HAKEM FACİASI DOĞRU AMA...
Evet hakemin dillere destan performansı, bireysel formsuzluklar, saha içindeki belli bazı provokasyonlar ve Emre'nin kim bilir kaçıncı sorumsuzluğu Fenerbahçe'nin ritmini olumsuz etkiledi. Ancak ligin en çok atan, en çok üreten, en dirençli takımı bir tek bir pozisyona dahi girmeden bir derbi maçını bitiriyorsa aynaya bakıp "Ben nerede yanlış yaptım" demelidir. Bu noktadan sonra, kart cezaları nedeniyle çok eksik kalan Fenerbahçe için öncelik, haftaya Antalya'ya karşı bir kaza kurşunu yememek olacaktır. Aksi takdirde hiç ummadıkları bir stresin altına kendilerini sokmuş olurlar. Velhasıl G.Saray dünkü futbol fukaralığında daha çok isteyen taraftı. Fenerbahçe de kaybetmeyi bir o kadar haketti.

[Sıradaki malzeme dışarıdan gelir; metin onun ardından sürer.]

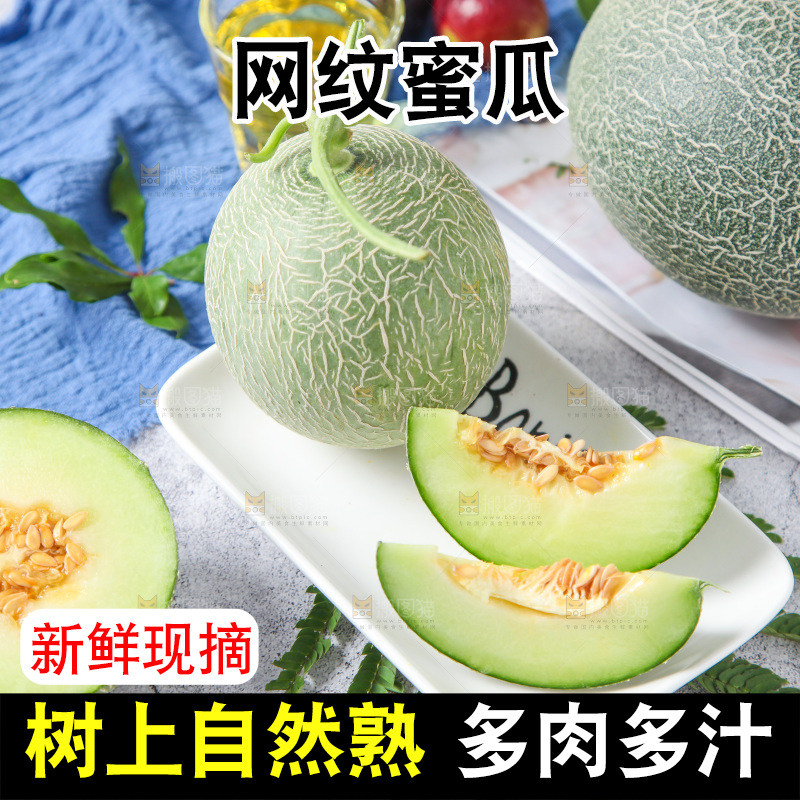 一盘玫珑瓜放在石板上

ANCAK lsquo;KÜÇÜK DÜNYA'MIZIN DERBİSİ
Son söz ise sahadaki "topsuz oyun" kahramanlarına... Kimse aynaya bakmadığı, kendisiyle ve hatalarıyla yüzleşmediği müddetçe daha çok kart festivalleri yaşanır bu ülkede.

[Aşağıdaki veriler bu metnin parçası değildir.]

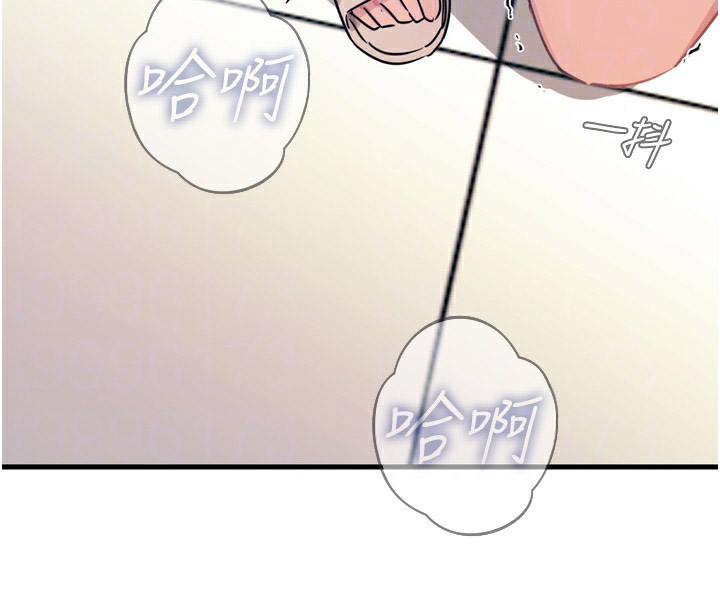 [韩国漫画] 恶次人生 剧情,女学生#[163P]-104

Meireles'in vaktiyle yaptıklarına ceza yerine övgü yağdırırsan, Melo'nun kanal kapatacak hareketlerine "yerel dans" deyip geçersen, kendi oyuncunun spora ve sporcuya karşı her 10 kusurlu hareketini görmezden gelir hatta "Hırslı adam" diye "idolleştirirsen", kendi tribünlerindeki anarşiyi, çirkin organizasyonları önlemek bir tarafa dursun el altından finanse-organize edersen, kimseye veryansın etme hakkın olmaz. Taraftar, rakip takımda olsa yerden yere vuracağı oyuncuyu, sırf tuttuğu takımda oynuyor diye baş tacı ettiği ve karakterin, sportmenliğin "renkler üstü değerler" olduğunu anlamadığı müddetçe de allayıp pulladığımız rekabet ancak bizim "küçük dünyamızın derbisi" olarak kalır.